Look at the last bit: Some Insight into these Curves.

umm, i still dont get why forward curve is necessarily above the spot curve…

bcos spot curve rates decides the forward curve rates…

so if the spot curve were rising - the forward curve would rise too and be above the spot curve.

it would be violating good ol’ math if it went any other way!

(1+s2)^2 = (1+s1) ( 1+1f1)

1f1 is the 1 year forward rate, 1 year from now. s1 and s2 are the spot rate at time period 1 and 2.

if s2 is > s1 - it is a steadily rising curve — the above makes sure that 1f1 would be above s1 and below s2 …

(and this is what I have also tried to say above).

It follows from that relationship that the steeper the yield curve the bigger the incremental one year forward rates?

We also know that’s when managers see opportunity to “ride the yield curve”. How are these tied together mathematically?

were you asking a question at the end?

take a sequence of numbers rising monotonically …

and then try to determine the 1 year forward rates that make sense, the two year forward rates to make sense and so on…
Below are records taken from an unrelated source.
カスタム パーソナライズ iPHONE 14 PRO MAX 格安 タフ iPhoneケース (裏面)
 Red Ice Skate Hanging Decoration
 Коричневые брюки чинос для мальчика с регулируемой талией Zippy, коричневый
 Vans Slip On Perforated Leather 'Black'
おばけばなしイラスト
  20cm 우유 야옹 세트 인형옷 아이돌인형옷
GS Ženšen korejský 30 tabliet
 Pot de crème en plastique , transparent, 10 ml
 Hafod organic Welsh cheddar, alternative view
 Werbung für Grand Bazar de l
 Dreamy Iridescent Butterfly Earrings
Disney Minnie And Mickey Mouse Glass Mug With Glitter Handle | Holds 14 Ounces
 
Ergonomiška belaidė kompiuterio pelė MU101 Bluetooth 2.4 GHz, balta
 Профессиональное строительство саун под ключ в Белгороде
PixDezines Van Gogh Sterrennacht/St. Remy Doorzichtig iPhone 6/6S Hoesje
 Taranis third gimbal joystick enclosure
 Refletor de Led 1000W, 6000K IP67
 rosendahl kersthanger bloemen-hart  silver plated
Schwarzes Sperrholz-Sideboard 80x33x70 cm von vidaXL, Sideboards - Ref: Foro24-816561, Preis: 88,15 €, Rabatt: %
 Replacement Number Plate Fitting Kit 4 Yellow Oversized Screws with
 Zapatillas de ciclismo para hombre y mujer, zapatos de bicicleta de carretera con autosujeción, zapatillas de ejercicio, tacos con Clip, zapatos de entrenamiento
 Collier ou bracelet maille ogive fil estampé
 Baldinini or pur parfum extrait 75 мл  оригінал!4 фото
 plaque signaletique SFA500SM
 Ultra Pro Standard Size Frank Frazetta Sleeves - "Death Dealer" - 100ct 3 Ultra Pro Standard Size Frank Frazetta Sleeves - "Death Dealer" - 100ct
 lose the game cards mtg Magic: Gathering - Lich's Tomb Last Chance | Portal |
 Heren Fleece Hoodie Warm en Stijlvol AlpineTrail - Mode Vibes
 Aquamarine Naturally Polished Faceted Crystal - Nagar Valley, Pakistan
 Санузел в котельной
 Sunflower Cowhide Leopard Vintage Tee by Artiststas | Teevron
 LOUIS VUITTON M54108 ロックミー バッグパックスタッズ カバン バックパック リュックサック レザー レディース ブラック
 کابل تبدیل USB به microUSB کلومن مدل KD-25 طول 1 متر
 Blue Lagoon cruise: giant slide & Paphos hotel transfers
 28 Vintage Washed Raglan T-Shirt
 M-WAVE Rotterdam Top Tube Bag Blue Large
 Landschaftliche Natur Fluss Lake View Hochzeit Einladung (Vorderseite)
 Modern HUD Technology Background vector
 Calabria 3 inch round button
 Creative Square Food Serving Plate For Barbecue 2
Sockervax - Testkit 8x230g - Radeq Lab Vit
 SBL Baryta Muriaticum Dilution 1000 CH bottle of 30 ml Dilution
you will see what is going on.

The 5-year spot rate is a sort of average of five 1-year forward rates: one starts today, one starts in 1 year, one starts in 2 years, one starts in 3 years, and one starts in 4 years.

Think about an average of 4 numbers, then add one more number to the group. If the average of the 5 numbers is higher than the average of the first 4, what can you say about the fifth one you added? It has to be higher than the average of all 5.

So it is with spot rates and forward rates: if the 5-year spot rate is higher than the 4-year spot rate, then the fifth forward rate (starting at time 4 and ending at time 5) has to be higher than the 5-year spot rate.

The difference is that it doesn’t discount that payment back to today; instead, it discounts it back one period (six months, generally)

It is an awesome explanation. “Thank you sir”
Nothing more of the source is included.